Attorney Harry Daniels said Wednesday (May 31) at a press conference that he believes there’s a systemic pattern of abuse at the Camden County jail in which detainees are beaten “indiscriminately, Associated Press reports.”
“We’re asking again that the Department of Justice come in and look into this department. It’s time to hold someone accountable,” Timothy Bessent, president of the Camden County NAACP, said at the press conference.
Security cameras at the jail recorded several guards punching and kicking Jarrett Hobbs, a 41-year-old Black man, in his cell after he was taken into custody for a traffic violation and drug possession charges on Sept. 3, 2022.

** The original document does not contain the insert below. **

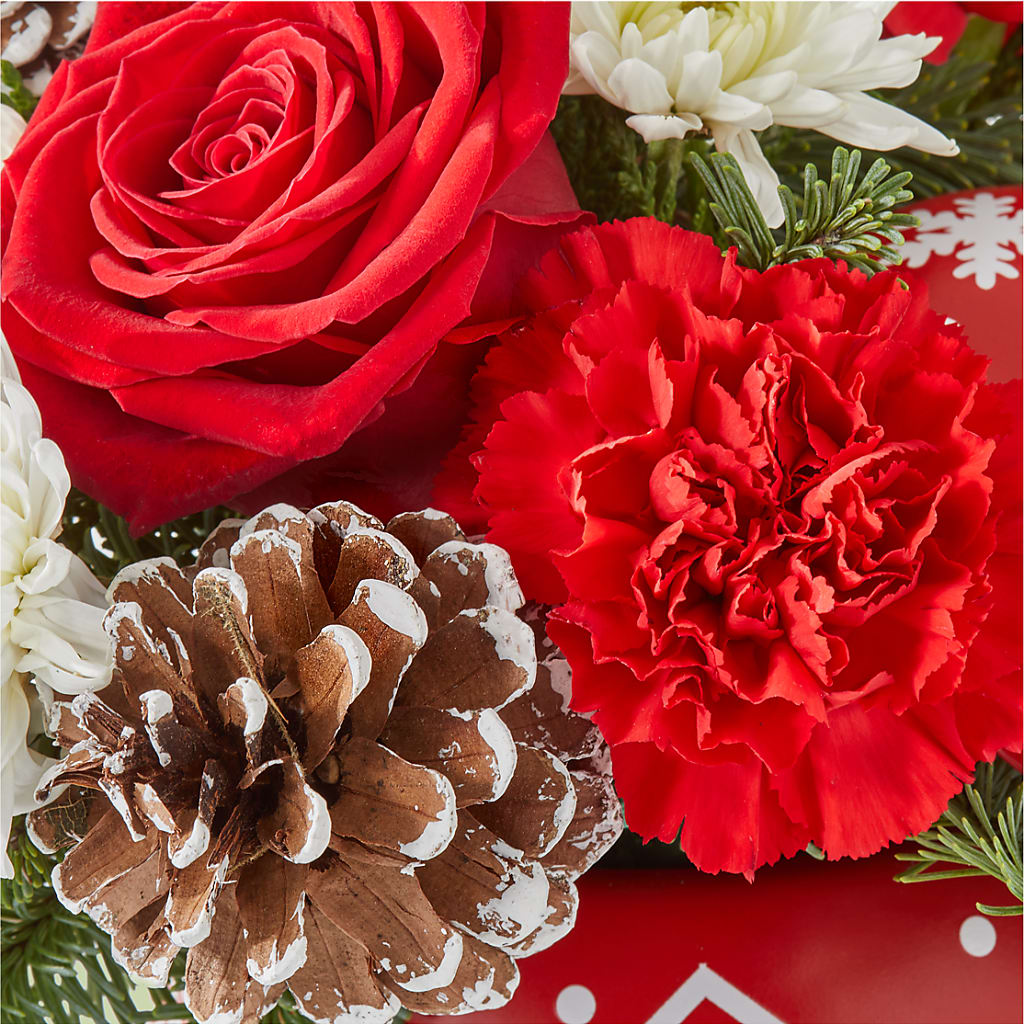Christmas Village Ornament – HEART LAKE FLOWERS & GIFTS, Brampton ON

Release of the video prompted an internal sheriff’s department investigation that led to the arrest and termination of three White deputies involved in the beating, Atlanta station WAGA reported. The deputies had also wrongly filed assault, battery and obstruction of justice charges against Hobbs after the beating, but the Glynn County District Attorney’s Office dropped those charges in February 2023.
A grand jury indicted the three deputies May 18 on misdemeanor charges of battery and felony charges of violating their oaths of office. A Black deputy recorded punching Ratliff was also fired and arrested on the same charges.
In a separate incident involving another of Daniels’ clients, surveillance video shows a deputy shoving Zyaire Ratliff, 23, to the ground and punching the Black man several times before another guard intervenes.
Hobbs and Ratliff’s cases are not isolated incidents, Daniels and Bassent noted at the press conference.
Adam Drummon, who is white, filed a federal civil rights lawsuit that a judge allowed against the jailers accused of beating him during a strip search in January 2021 after his drunk driving arrest. In another case, Brian Flacher, a white man, said at the Wednesday press conference that deputies beat him in the jail shower when he refused to wash his hair.
A spokesman for Camden County Sheriff Jim Proctor blamed the youth and inexperience of the deputies for their abuse of Hobbs and Ratliff, adding that all jail employees recently received additional de-escalation training.
“The sheriff has always been open for any government agency to come in and inspect or investigate. That includes any federal agency or state agency,” the spokesman told the AP.
The Justice Department declined to comment on the AP’s inquiries about the case.